Your answer should hold exactly the lines below from the line with "Signs of dehydration in exercise" through the line with "Philip K. Dick", both included, and no pictures at all.

** Opening Data listing block **

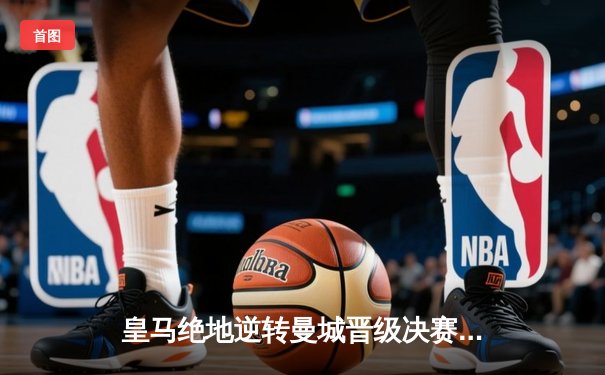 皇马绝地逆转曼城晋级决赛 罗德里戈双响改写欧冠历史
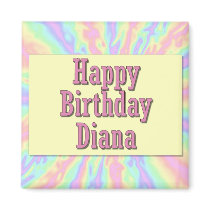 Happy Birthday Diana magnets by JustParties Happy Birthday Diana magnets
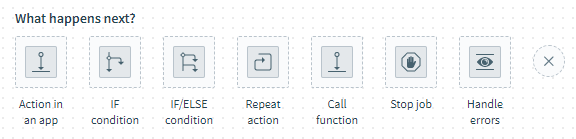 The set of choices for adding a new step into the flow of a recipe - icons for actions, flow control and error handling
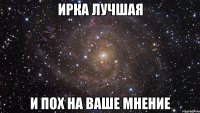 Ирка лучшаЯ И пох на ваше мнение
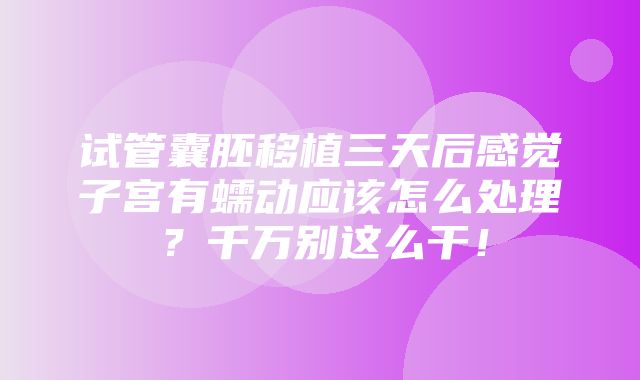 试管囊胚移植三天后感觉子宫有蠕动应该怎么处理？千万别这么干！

** Closing Data listing block **
** Opening Data listing block **

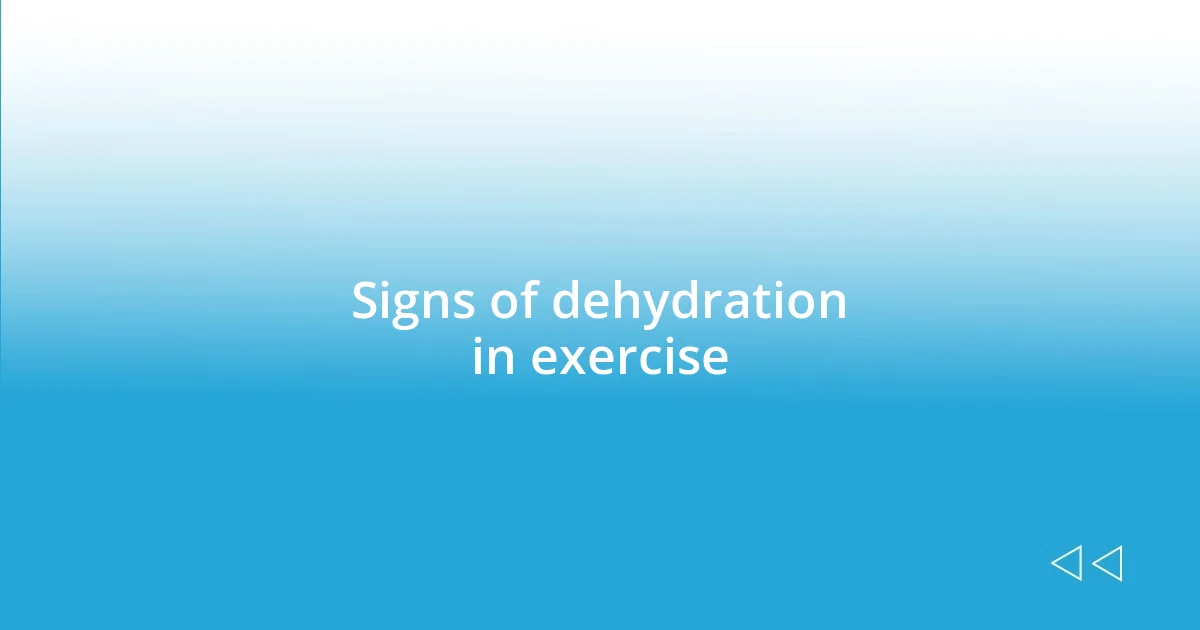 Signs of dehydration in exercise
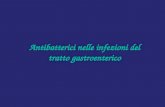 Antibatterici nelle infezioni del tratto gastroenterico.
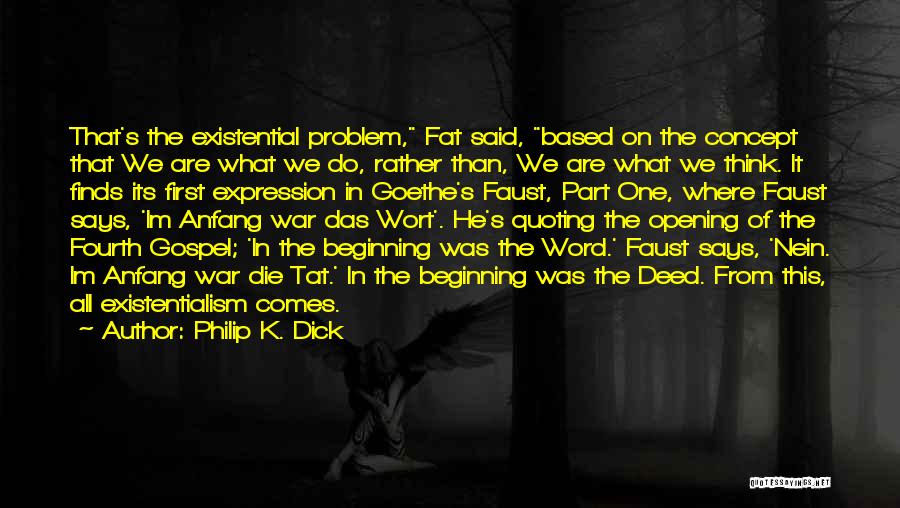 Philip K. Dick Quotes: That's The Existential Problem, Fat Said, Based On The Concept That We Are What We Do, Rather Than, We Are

** Closing Data listing block **
** Opening Data listing block **

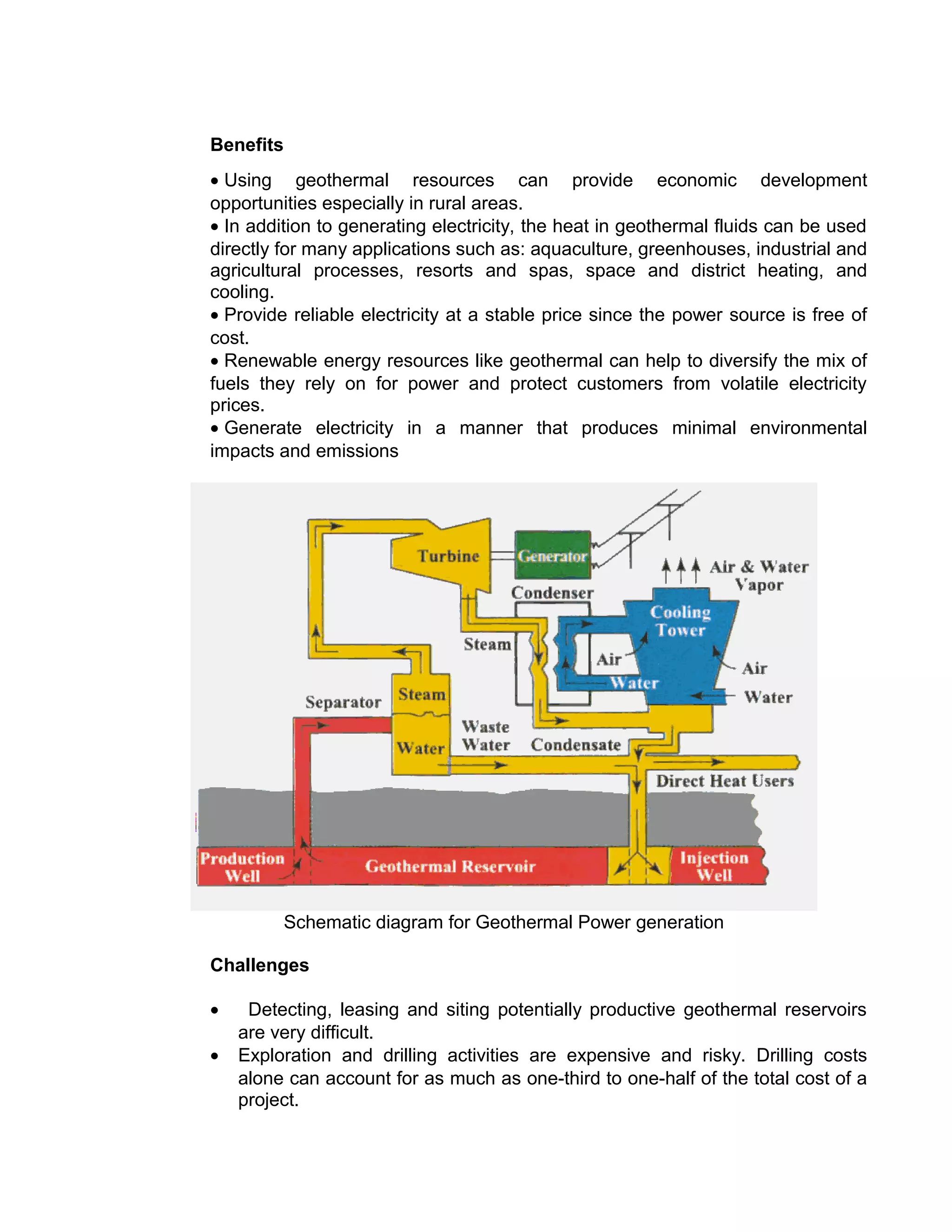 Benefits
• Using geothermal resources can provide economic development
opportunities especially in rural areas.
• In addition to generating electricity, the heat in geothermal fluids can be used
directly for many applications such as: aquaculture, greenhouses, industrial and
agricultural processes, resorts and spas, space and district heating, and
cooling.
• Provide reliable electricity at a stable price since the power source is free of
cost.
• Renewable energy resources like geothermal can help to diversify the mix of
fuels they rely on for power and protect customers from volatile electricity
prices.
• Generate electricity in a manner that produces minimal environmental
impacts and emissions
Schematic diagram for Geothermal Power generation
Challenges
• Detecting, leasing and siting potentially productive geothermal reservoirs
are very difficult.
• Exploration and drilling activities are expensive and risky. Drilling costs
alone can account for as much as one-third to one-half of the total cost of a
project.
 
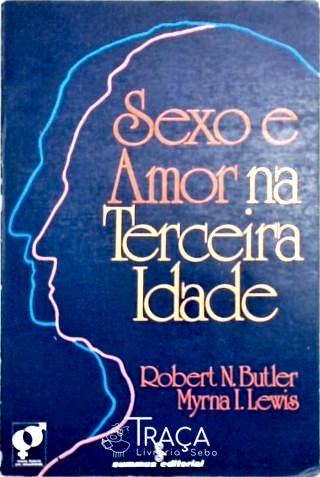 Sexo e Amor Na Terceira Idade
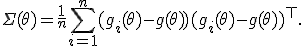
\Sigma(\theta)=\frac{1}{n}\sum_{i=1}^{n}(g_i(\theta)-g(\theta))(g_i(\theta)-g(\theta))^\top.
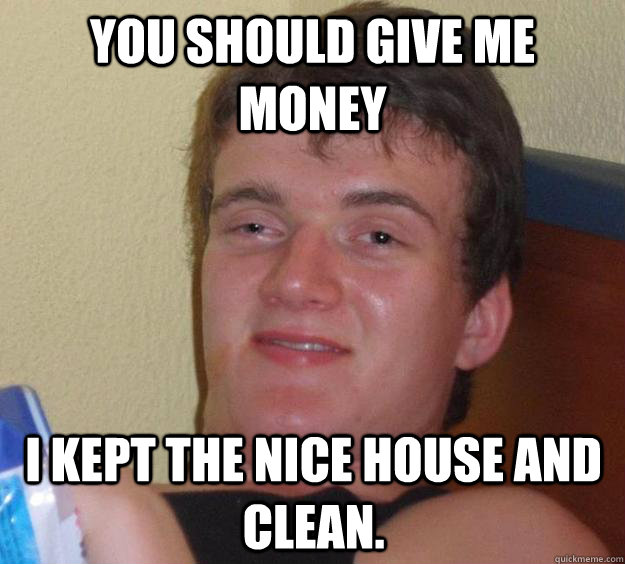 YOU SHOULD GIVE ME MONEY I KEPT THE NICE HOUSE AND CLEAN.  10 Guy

** Closing Data listing block **

> **Result**:
 Signs of dehydration in exercise
 Antibatterici nelle infezioni del tratto gastroenterico.
 Philip K. Dick Quotes: That's The Existential Problem, Fat Said, Based On The Concept That We Are What We Do, Rather Than, We Are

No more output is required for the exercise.